In [1]:
import pandas as pd
import numpy as np
from batting_order import *
import warnings
warnings.filterwarnings('ignore')

This jupyter notebook intends to check the quality of the plate appearnce stats scraping from baseball-reference's play-by-play data.  
Validation datasets are from baseball-reference's season pages.  
Example: https://www.baseball-reference.com/leagues/MLB/2012.shtml

In [2]:
# Read the data
seasons = list(range(2011,2019))
season_val_dict = {season:pd.read_csv(f'season_val/{season}.csv') for season in seasons}
season_scraped_dict = {season:pd.read_csv(f'season_scraped/{season}.csv') for season in seasons}

## Step 1: Cross-validate Scraped Data vs. Baseball-Reference's Season Page

In [3]:
# Cross validate
for season in seasons:
    team_merge = season_scraped_dict[season].groupby(by="Team")\
                                            .PA.sum().reset_index()\
                                            .merge(season_val_dict[season][["Tm", 'PA']]\
                                            .rename(columns = {'Tm':'Team', 'PA':'PA_val'}))
    team_merge["diff"] = team_merge.PA - team_merge.PA_val
    # Check if number of teams for each season is 30
    print(f'{season}: {len(set(season_scraped_dict[season].Team.values))} Teams') 
    # Check if the total difference in PA for a season is 0
    print(f'Total Difference: {team_merge["diff"].sum()}')
    # Print out teams in a year that has a non-zero difference
    anomalies = team_merge[team_merge['diff'] != 0].values
    if len(anomalies) != 0:
        for anomaly in anomalies: print(anomaly)
    print()

2011: 30 Teams
Total Difference: 0

2012: 30 Teams
Total Difference: -1
['MIL' 6224 6225 -1]

2013: 30 Teams
Total Difference: 0

2014: 30 Teams
Total Difference: 0

2015: 30 Teams
Total Difference: 0

2016: 30 Teams
Total Difference: 0

2017: 30 Teams
Total Difference: 0

2018: 30 Teams
Total Difference: 0



## Step 2: Cross-validate Scraped Data vs.
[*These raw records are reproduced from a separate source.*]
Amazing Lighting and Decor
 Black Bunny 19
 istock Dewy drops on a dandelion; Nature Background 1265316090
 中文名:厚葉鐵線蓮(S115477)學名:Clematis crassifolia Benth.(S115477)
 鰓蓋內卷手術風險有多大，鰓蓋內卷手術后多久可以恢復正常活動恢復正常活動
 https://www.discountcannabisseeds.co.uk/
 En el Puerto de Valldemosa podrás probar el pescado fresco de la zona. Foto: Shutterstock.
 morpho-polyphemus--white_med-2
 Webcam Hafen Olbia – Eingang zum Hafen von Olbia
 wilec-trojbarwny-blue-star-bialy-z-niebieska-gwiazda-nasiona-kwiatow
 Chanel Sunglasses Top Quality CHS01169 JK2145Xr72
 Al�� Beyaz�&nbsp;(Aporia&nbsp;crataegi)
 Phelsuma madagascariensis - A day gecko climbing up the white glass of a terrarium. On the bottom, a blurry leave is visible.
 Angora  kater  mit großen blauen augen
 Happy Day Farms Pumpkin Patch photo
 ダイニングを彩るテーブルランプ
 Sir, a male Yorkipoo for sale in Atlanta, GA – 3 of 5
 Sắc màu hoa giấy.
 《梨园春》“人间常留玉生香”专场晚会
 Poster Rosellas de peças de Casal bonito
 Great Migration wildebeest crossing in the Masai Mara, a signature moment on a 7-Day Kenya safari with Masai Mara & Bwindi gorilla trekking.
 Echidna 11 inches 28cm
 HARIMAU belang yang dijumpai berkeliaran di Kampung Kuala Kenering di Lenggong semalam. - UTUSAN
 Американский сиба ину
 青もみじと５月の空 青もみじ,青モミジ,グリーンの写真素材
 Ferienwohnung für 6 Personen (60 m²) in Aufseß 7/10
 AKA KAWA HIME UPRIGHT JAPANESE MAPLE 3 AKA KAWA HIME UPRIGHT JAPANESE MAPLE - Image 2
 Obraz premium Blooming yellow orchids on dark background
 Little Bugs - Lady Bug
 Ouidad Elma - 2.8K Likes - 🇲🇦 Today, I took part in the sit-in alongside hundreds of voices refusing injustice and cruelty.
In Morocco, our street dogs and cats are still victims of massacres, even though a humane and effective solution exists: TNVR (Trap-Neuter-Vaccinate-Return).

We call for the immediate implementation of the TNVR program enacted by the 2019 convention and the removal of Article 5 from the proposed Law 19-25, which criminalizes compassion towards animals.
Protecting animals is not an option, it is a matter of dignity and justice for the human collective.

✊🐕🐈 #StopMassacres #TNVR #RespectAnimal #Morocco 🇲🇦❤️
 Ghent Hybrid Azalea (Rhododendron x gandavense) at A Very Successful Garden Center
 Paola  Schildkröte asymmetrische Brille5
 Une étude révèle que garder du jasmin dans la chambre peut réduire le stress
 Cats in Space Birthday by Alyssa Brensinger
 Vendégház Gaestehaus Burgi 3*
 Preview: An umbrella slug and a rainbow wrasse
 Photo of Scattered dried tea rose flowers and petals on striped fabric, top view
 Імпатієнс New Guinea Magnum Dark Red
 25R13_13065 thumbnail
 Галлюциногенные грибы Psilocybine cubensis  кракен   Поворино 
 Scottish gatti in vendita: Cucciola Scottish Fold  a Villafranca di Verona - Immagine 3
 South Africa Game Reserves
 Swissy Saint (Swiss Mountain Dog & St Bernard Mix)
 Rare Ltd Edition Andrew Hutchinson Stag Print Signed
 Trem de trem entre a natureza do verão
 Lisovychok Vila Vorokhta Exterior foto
Baseball-Reference's Game Pages

According to the results above, there are one team (2012 Milwaukee Brewers) that has a non-zero difference when cross-validating the scraped data vs. the Baseball-Reference's season page.  
For the next step of data quality check, use scraper to get the team's total plate appearances for each game and sum it up to see if the numbers are correct.

In [4]:
anomaly_dict = {'MIL':['2012', 'Milwaukee Brewers']}

In [5]:
for key in anomaly_dict.keys():
    season, team_title = anomaly_dict[key]
    team_page_url = f"https://www.baseball-reference.com/teams/{key}/{season}.shtml"
    game_pages = get_game_page(team_page_url)
    sum_pa = 0
    count = 0
    print(f'{key} {season}')
    for game_page in game_pages:
        _, pa_table = get_info(game_page, team_title) 
        team_actual_pa = get_val_pa(pa_table)
        sum_pa += team_actual_pa
        count += 1
        if count % 30 == 0:
            print(f"{count} Games Done")
    print(f'{count} Games in Total')
    print(f'Total PA: {sum_pa}\n')

MIL 2012
30 Games Done
60 Games Done
90 Games Done
120 Games Done
150 Games Done
162 Games in Total
Total PA: 6224



After scraping the actual plate appearances from every game page of the 2012 Milwaukee Brewers, the total PA number is 6224, which matches the scraping result from the play-by-play tables.